Go through the entries below and report how many lines contain the string "Image". Nothing but the number is wanted.

::::::::::

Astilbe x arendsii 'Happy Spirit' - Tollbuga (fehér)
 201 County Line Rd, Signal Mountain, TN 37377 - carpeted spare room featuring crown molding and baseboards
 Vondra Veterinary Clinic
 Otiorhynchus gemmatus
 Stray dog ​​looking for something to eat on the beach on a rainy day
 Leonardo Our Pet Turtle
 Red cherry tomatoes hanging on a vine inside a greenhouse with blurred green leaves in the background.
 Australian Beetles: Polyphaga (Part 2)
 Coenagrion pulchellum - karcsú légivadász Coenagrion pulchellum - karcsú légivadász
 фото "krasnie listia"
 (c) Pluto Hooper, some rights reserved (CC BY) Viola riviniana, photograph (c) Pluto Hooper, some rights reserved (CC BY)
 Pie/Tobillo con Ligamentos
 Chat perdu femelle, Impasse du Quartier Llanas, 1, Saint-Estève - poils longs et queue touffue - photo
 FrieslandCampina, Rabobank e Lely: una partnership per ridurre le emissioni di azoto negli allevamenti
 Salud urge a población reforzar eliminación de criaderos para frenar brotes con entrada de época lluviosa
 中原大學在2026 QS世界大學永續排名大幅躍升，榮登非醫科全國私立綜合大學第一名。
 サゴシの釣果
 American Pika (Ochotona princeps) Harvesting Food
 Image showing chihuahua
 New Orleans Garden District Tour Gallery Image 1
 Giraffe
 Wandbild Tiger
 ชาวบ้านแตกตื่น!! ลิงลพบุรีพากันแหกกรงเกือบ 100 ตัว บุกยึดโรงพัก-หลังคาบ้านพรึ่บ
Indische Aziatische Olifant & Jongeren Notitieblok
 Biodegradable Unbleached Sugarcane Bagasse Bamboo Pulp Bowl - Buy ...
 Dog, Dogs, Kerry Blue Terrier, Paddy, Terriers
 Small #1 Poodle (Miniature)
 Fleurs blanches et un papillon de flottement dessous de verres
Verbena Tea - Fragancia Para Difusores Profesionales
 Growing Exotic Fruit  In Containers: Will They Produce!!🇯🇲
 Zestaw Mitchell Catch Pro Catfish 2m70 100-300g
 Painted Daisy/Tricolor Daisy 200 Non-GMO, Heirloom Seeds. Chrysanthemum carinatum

::::::::::

### EXERCISE SOLUTION
2